Yesterday I came across an old letter written from my great-uncle to his sister, my grandmother. As I read his memories of his father, I realized what is missing from the records. Everything that the person did not do. Their unrealized potential.
The goals that seem just beyond one’s grasp that we can’t help chasing, these are what animate a life and give it meaning. When a person dies we mourn not for what they did but for what they could have done and never had the time. The world may see your resume, but only those who know you best know what lies behind it, what you wish to accomplish and haven’t, not yet.
When you examine the census records in your search for William Jewell, you will find his occupation listed as “salesman” but his business card said, “Wm. F. Jewell, Fine Arts. Theatrical Work a Specialty.”
His sister Ada, just two years older, had become a Vaudeville star with her husband Dick Lynch. Bill, as he was known, made a poor businessman when he tried to run a family candy store in Detroit. He did better selling ads for the Detroit Journal. In his free time he would pick up extra cash and drinks by doing recitations in the local bar. Even the members of his family, who bore the brunt of his legendary temper, admired the acting talent he showed when he recited the old stories.
The story of his life lies in what drove him, what fueled his ambition, what he was never able to achieve.
“He needed only the opportunities that I gave you children,” said his wife, the woman who has been dubbed in family lore “Saint Clara.” “To me he was truly a successful man.”

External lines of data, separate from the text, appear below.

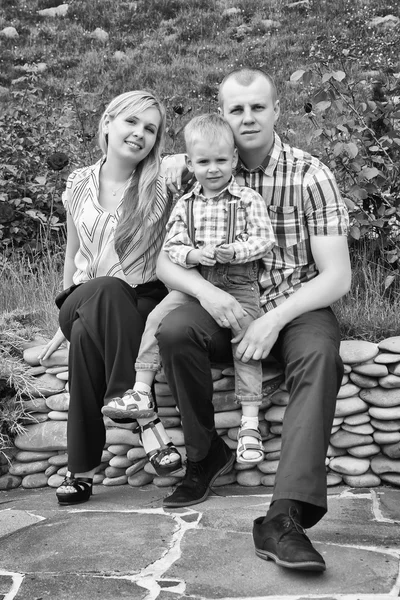 Family in the park — Stock Photo, Image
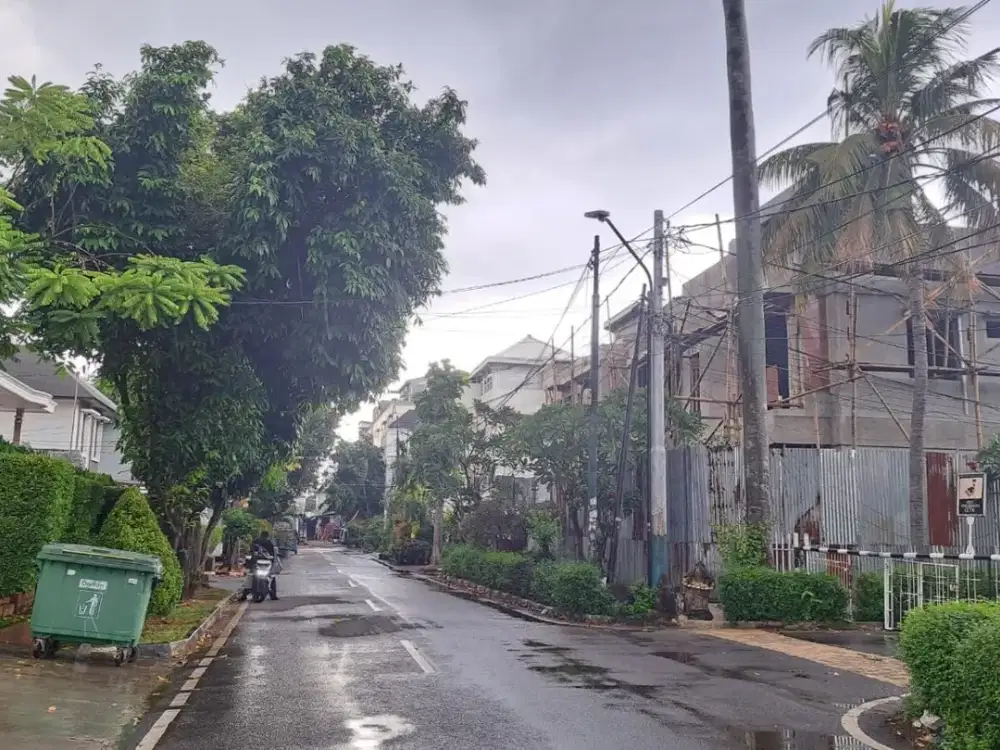 Jual Cepat Rumah Hitung Tanah Saja di Dalam Kompleks Lokasi Startegsi di Cempaka Putih Barat Jakarta Pusat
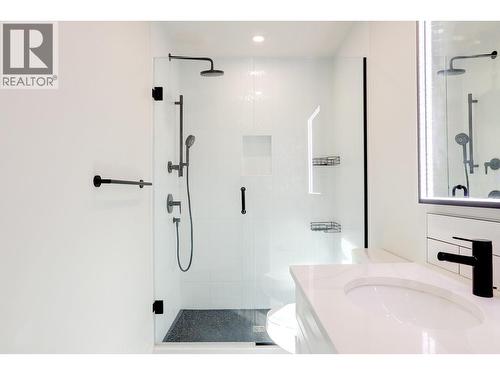 1999 15 Avenue Unit# 14, Vernon, BC - Indoor Photo Showing Bathroom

And what of her dreams? Clara was “a practical, pragmatic, wonderful lady,” who wanted a stable home and family and who had the fortune or misfortune to fall in love with a man with big dreams and big disappointments. His dreams and her dreams crashed into each other. And that is the story of a life. It is not what we manage to accomplish that makes us who we are. The real work of a life is bridge building. It is the story of the bridges we try to build to cross the distance between our dreams and the reality of our lives.